I have recently started diving into Apache Spark for a project at work and ran into issues trying to process the contents of a collection of files in parallel, particularly when the files are stored on Amazon S3. In this post I describe my problem and how I got around it.
My first Spark project is simple. I have a single function that processes data from a file and a lot of data files to process using this function. It should be trivial to distribute this task, right? Just create an RDD (Spark's core data container, basically a distributed collection whose items can be operated on in parallel) where each item contains the contents of a single file and apply my function using the RDD methods
map if I want to capture results for logging or something.
Most examples I found for
pyspark create RDDs using the
SparkContext.textFile() method. This generates an RDD where each line of the file is an item in the collection. This is not what I want. Looking through the API docs I found the method
SparkContext.wholeTextFiles() that appears to do exactly what I want. I can point this method to a directory and it will create an RDD where each item contains data from an entire file. Perfect! Well, it would be if it worked anyway.

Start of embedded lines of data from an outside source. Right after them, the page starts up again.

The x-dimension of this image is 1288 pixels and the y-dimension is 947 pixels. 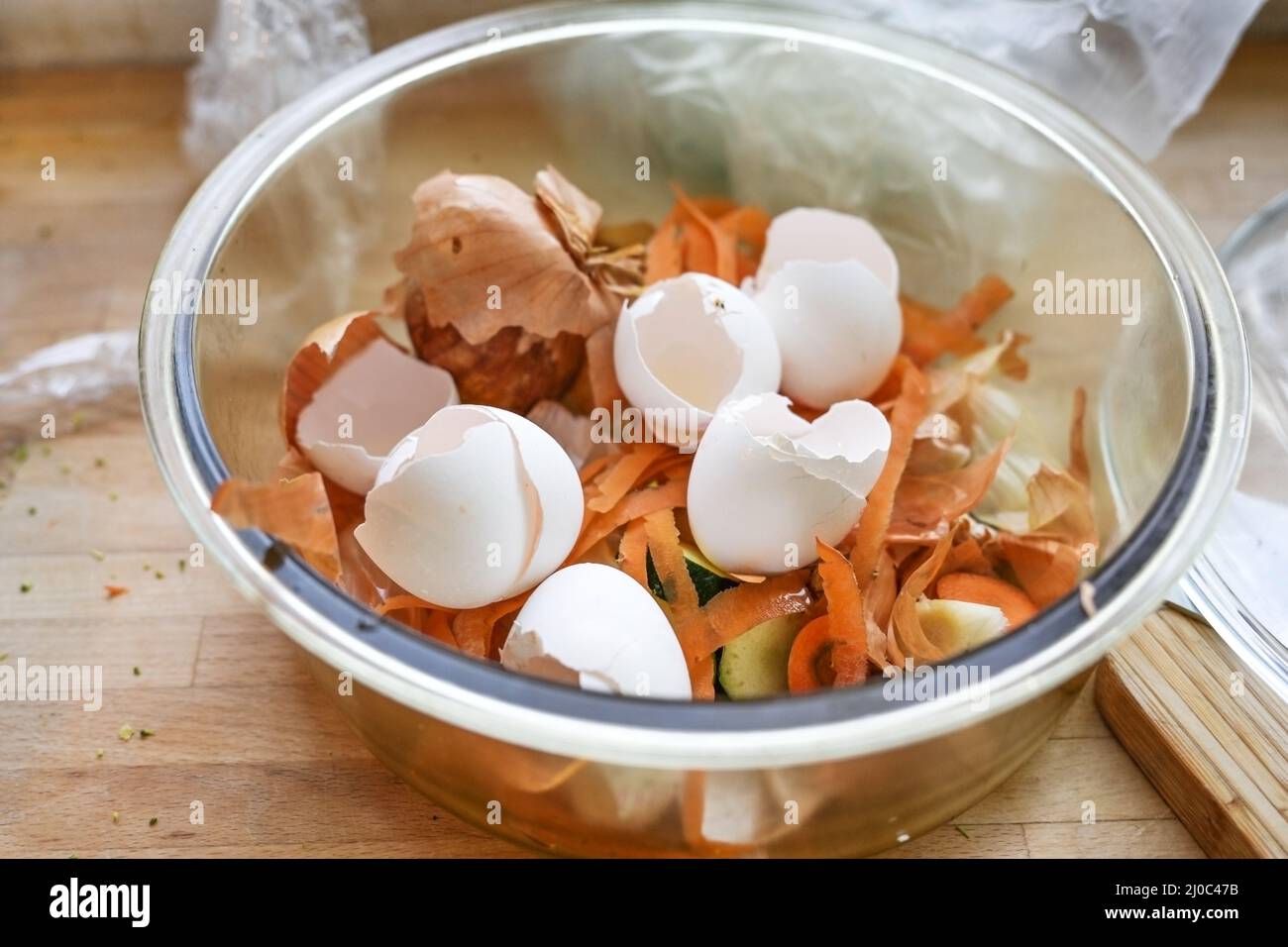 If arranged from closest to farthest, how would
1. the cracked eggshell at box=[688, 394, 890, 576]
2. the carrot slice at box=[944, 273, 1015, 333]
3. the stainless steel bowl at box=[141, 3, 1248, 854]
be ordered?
1. the stainless steel bowl at box=[141, 3, 1248, 854]
2. the cracked eggshell at box=[688, 394, 890, 576]
3. the carrot slice at box=[944, 273, 1015, 333]

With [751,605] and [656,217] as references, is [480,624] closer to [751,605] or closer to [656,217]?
[751,605]

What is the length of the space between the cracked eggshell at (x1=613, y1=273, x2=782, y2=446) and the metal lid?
34 cm

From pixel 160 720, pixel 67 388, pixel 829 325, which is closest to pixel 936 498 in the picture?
pixel 829 325

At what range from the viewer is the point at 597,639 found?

Here's the issue... our data files are stored on Amazon S3, and for whatever reason this method fails when reading data from S3 (using Spark v1.2.0). I'm using
pyspark but I've read in forums that people are having the same issue with the Scala library, so it's not just a Python issue. Anyway, here's how I got around this problem.

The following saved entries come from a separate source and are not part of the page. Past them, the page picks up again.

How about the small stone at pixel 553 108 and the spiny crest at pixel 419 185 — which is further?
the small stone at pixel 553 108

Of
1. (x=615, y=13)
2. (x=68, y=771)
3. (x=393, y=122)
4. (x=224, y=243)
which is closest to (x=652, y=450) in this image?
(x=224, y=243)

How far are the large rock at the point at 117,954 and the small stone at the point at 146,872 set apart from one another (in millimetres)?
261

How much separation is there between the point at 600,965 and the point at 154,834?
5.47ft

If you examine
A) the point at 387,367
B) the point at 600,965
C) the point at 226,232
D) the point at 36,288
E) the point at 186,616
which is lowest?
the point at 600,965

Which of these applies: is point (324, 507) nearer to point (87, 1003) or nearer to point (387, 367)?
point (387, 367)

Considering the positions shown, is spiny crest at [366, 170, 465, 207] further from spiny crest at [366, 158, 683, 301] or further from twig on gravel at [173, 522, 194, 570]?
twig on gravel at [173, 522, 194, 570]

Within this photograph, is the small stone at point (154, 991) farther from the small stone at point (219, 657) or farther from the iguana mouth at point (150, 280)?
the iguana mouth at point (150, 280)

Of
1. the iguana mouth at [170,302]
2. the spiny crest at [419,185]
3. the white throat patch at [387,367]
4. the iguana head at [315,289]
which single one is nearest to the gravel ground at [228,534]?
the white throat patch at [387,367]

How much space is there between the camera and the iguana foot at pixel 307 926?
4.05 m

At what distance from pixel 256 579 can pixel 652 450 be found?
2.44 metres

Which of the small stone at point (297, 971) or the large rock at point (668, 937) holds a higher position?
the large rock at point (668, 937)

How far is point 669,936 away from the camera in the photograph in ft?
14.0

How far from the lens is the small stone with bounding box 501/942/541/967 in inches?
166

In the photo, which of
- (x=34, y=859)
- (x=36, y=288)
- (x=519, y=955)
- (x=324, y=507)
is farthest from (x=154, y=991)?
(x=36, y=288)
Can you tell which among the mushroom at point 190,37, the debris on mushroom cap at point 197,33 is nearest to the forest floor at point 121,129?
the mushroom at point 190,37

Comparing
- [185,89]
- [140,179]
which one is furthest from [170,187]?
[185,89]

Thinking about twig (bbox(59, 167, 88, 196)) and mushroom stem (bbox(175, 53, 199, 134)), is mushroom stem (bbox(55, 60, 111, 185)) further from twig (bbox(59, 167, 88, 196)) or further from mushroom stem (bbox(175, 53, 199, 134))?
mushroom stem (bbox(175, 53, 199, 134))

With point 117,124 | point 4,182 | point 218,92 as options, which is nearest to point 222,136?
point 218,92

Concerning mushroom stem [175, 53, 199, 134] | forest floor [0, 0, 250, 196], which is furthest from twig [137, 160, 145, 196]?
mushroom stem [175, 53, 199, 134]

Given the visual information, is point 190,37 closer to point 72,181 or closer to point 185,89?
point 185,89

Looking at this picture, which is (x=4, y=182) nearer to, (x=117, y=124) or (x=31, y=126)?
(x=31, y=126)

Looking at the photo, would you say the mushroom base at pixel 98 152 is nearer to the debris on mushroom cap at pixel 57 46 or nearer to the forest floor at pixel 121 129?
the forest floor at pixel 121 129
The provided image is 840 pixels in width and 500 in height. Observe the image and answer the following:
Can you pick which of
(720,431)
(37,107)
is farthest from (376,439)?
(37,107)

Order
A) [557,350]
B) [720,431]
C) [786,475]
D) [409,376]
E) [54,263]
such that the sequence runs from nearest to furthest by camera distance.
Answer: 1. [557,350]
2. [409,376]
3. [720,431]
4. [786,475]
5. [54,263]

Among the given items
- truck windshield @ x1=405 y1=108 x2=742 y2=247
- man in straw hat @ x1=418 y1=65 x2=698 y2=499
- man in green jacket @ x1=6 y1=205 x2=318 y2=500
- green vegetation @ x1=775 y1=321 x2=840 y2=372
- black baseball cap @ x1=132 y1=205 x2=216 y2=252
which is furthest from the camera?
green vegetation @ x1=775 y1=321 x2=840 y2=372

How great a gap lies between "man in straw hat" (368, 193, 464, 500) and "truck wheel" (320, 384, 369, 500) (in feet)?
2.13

First, I create a listing of files in a root directory and store the listing in a text file in a scratch bucket on S3. Here is a code snippet (I'm using
boto to interact with S3):
conn = boto.connect_s3() # bucket is the name of the S3 bucket where your data resides b = conn.get_bucket(bucket) # inkey_root is the S3 'directory' in which your files are located keys = b.list(prefix=inkey_root) key_list = [key.name for key in keys] conn.close()
Next I need a function that takes a file path, parses the data from the file into a string, and returns a tuple with the file name and contents (as a string). Here is just such a function:
def fetch_data(s3key): """ Fetch data with the given s3 key and pass along the contents as a string. :param s3key: An s3 key path string. :return: A tuple (file_name, data) where data is the contents of the file in a string. Note that if the file is compressed the string will contain the compressed data which will have to be unzipped using the gzip package. """ conn = boto.connect_s3() b = conn.get_bucket(bucket) k = b.get_key(s3key) data = k.get_contents_as_string() conn.close() # I use basename() to get just the file name itself return os.path.basename(s3key), data
Then I create an RDD using
parallelize on the listing of files to process. The RDD items will be the paths (ok fine, keys) of the files that I want to process in S3. Then I call the RDD's
map method, using
fetch_data to parse the files and pass their contents along as a new RDD with the file contents as items, just like I wanted from
wholeTextFiles in the first place. Then you can go ahead and process the resulting data as necessary, e.g. by chaining a call to another
foreach or whatever. Here's the code, with a chained call to
foreach to process the data using a function
sc = pyspark.SparkContext('local', 'Whatever') # Create an RDD from the list of s3 key names to process stored in key_list file_list = sc.parallelize(key_list) file_list.map(fetch_data).foreach(process_data)
So there you have it, a simple way to get around the fact that Spark's
wholeTextFiles (as of now) does not work with files stored in S3.